余命8ヶ月。
3
「俺幸せすぎるんだけど、夢じゃないよね。」
目の前に現れた碧音さんは私を抱えて病室まで戻してくれた。ゆっくり、優しくまるで宝物でも触っているかのように。
「んふふ⋯」
ベッドの横にある椅子に座ってニコニコしてる。初めて会った時も思ったけどテレビとは別人だなぁ。でもこれからは自然な姿を見せるから可愛い姿もファンは知っていくんだ。
「どしたの?」
私の表情が変わったのか質問された。言うのが恥ずかしいな。でも誤魔化せそうにもない。
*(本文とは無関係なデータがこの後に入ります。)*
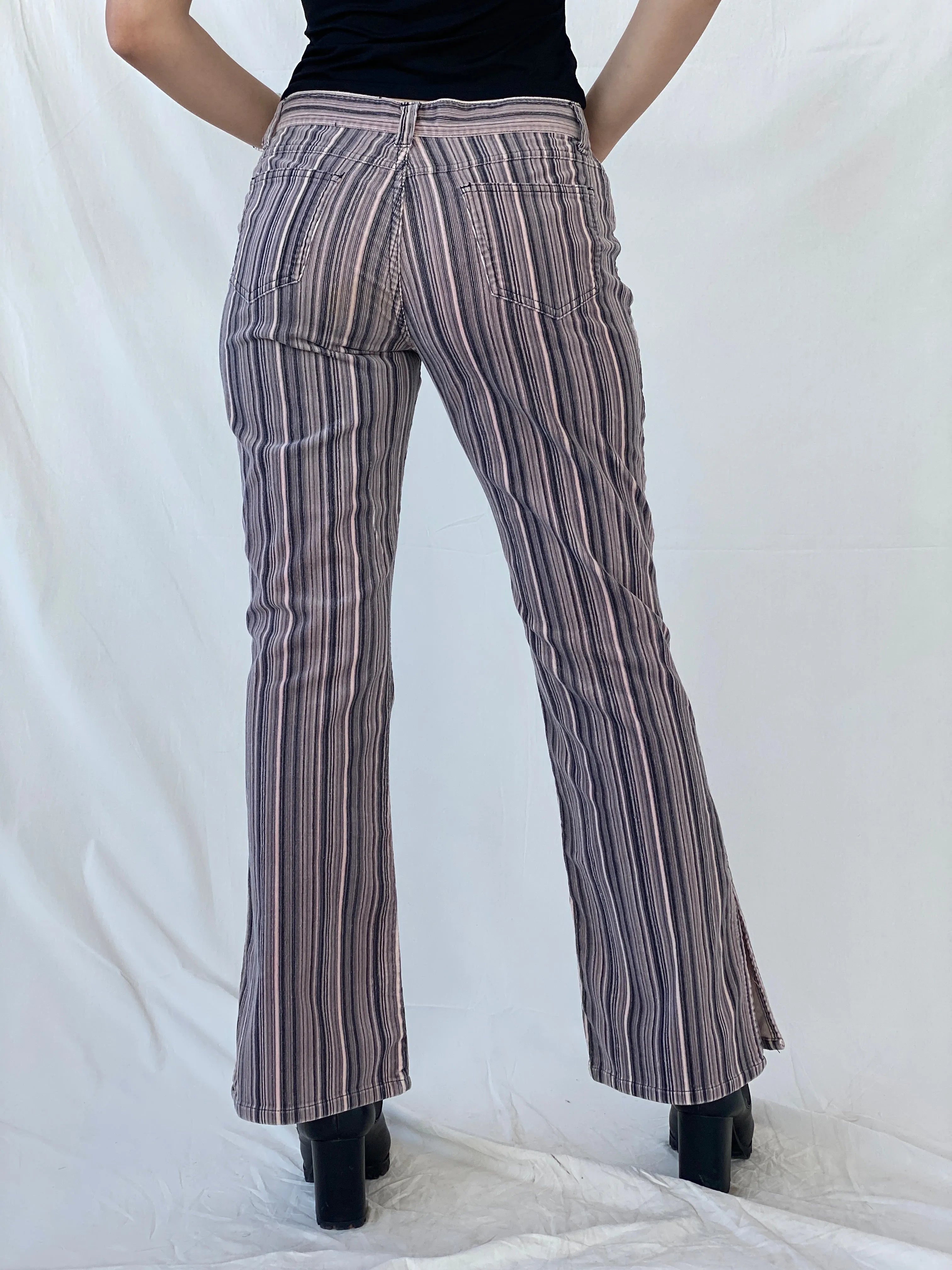 Y2K No Boundaries Striped Pink & Black Corduroy Flare Pants - 40EUR - Balagan Vintage Pants Ayah, corduroy, corduroy pants, striped, striped pants, stripes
「私しか知らなかった姿に周りが気づくのが悔しいんです。」
きっと耳まで赤い私は恥ずかしすぎて顔を手で覆った。
━━ギシ━━
病院の古いベッドが音を鳴らした。
碧音さんの両手が私の顔の横に押し付けられている。目の前に、碧音さんがいる。
「可愛すぎるって····。桜音羽に聞いて欲しいことがあるんだけど今すぐ言いたい。言っていい?」
何を言われるのか想像もつかなかった。と言うよりも想像以上のものだったんだと思う。その言葉の後、碧音さんは仕事があるからまた明日と言って病室を出て行ってしまった。
どうして碧音さんはあんなに平然としているんだろう。大人だから?私よりも年上だから何にも動じないんだろうか?
たった一人でいる病室なのに頭の中は碧音さんで溢れてしまっている。言葉だけがリピートされていくけど気持ちが追いつかない。
《俺と結婚してほしい。》
その日の夜は病気のせいじゃなく眠れなかった。夢なんじゃないか、眠ったらこの幸せが消えてなくなってしまうんじゃないか、そんなふうに考えているのに不安よりも幸福感の方が溢れかえっていた。·····だけど返事を考えるとまた胸が苦しくなった。
気づかないうちに眠ってしまった私は不安と幸福感からか久しぶりに不思議な夢を見た。